• [WHAT THE TASK REQUIRES]: Everything from the line containing "smugz dragon boat team rowing in hong kong" through the last line of the data below is to be retyped exactly, apart from the pictures.

• [RECORDS PROVIDED]:
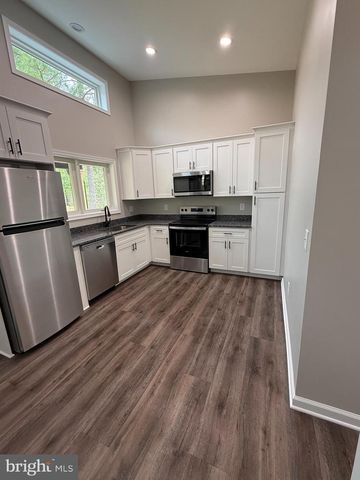 1040 POSSUM HOLLOW TRL, Gerrardstown, WV 25420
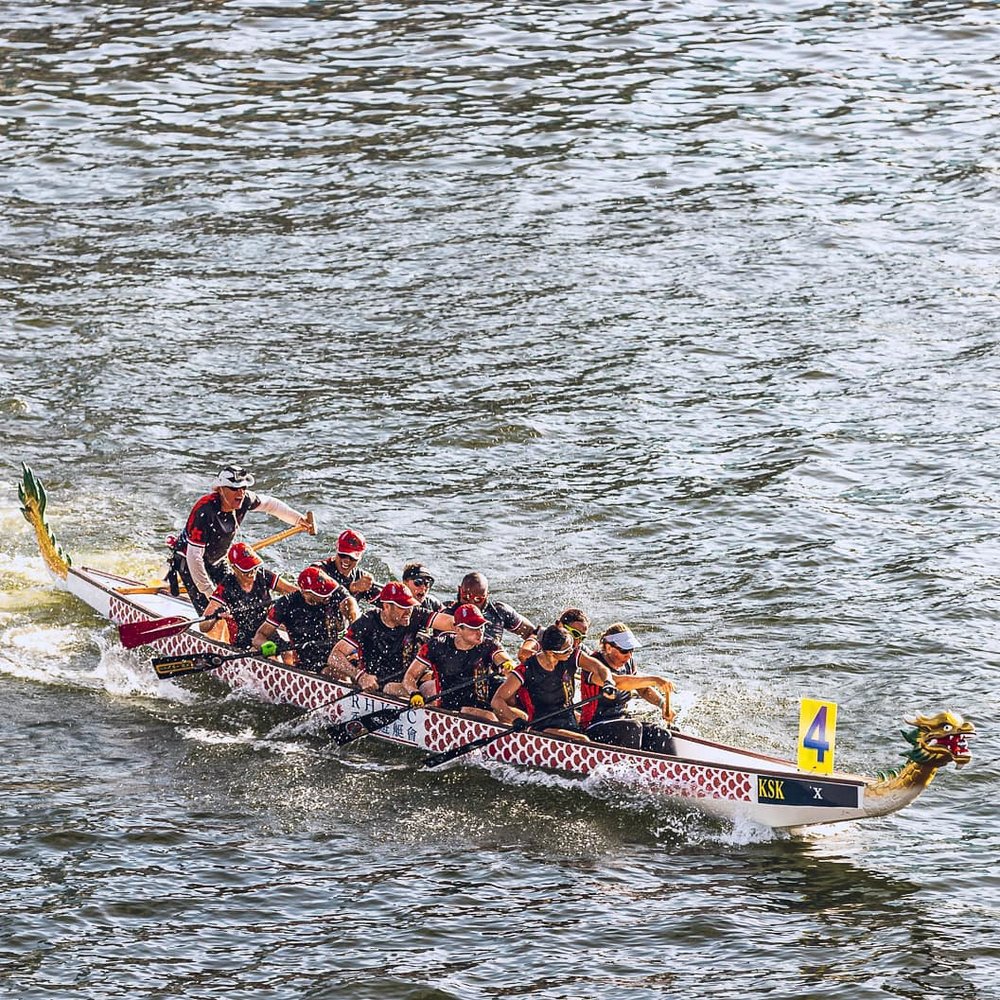 smugz dragon boat team rowing in hong kong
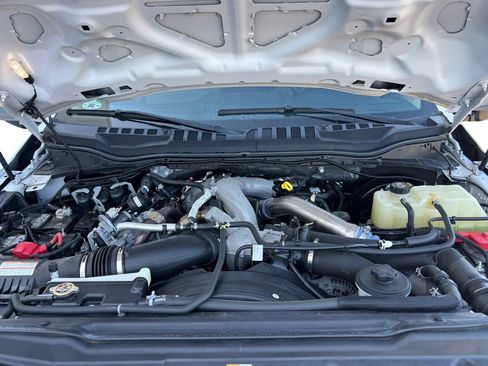 Used 2020 Ford F250 Lariat w/ Lariat Ultimate Package AWD/4WD image 14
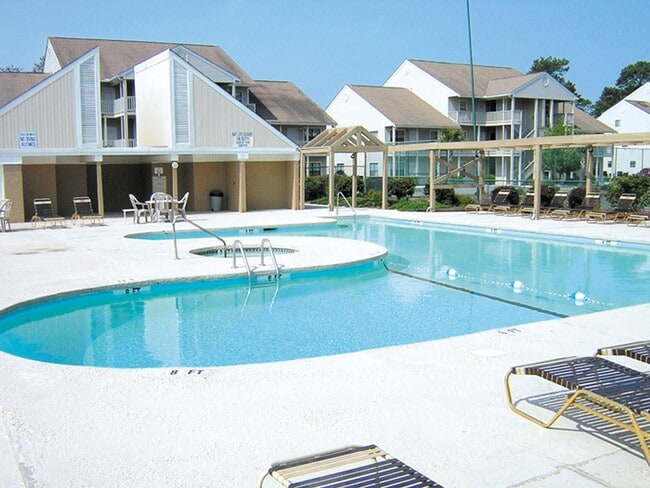 Building Photo - Winter rental! Recently renovated condo in quiet community with pools! Available from NOW through...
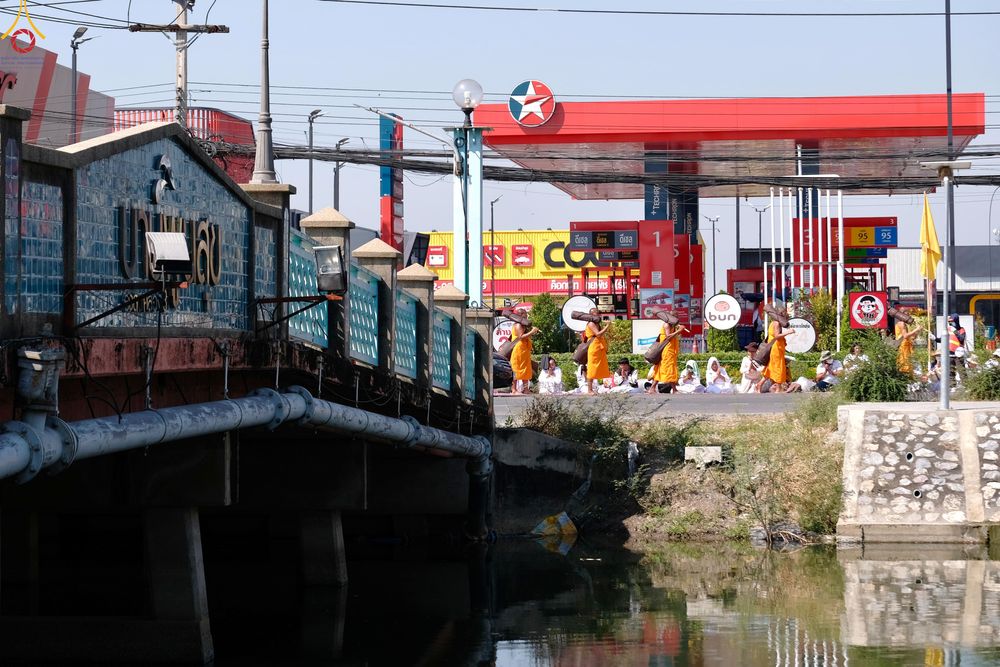 ภาพ No.304199:วันที่ 25 มกราคม พ.ศ. 2569 พิธีต้อนรับพระธรรมยาตรา  รร.สามัคคีราษฏร์บำรุง-วัดพระธรรมกาย ในโครงการธรรมยาตรา กตัญญูบูชา มหาปูชนียาจารย์ พระมงคลเทพมุนี(สด จนฺทสโร) พระผู้ปราบมาร อนุสรณ์สถาน 7 แห่ง ปีที่ 14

• [RESPONSE FOR THIS EXERCISE]:
 smugz dragon boat team rowing in hong kong
 Used 2020 Ford F250 Lariat w/ Lariat Ultimate Package AWD/4WD image 14
 Building Photo - Winter rental! Recently renovated condo in quiet community with pools! Available from NOW through...
 ภาพ No.304199:วันที่ 25 มกราคม พ.ศ. 2569 พิธีต้อนรับพระธรรมยาตรา  รร.สามัคคีราษฏร์บำรุง-วัดพระธรรมกาย ในโครงการธรรมยาตรา กตัญญูบูชา มหาปูชนียาจารย์ พระมงคลเทพมุนี(สด จนฺทสโร) พระผู้ปราบมาร อนุสรณ์สถาน 7 แห่ง ปีที่ 14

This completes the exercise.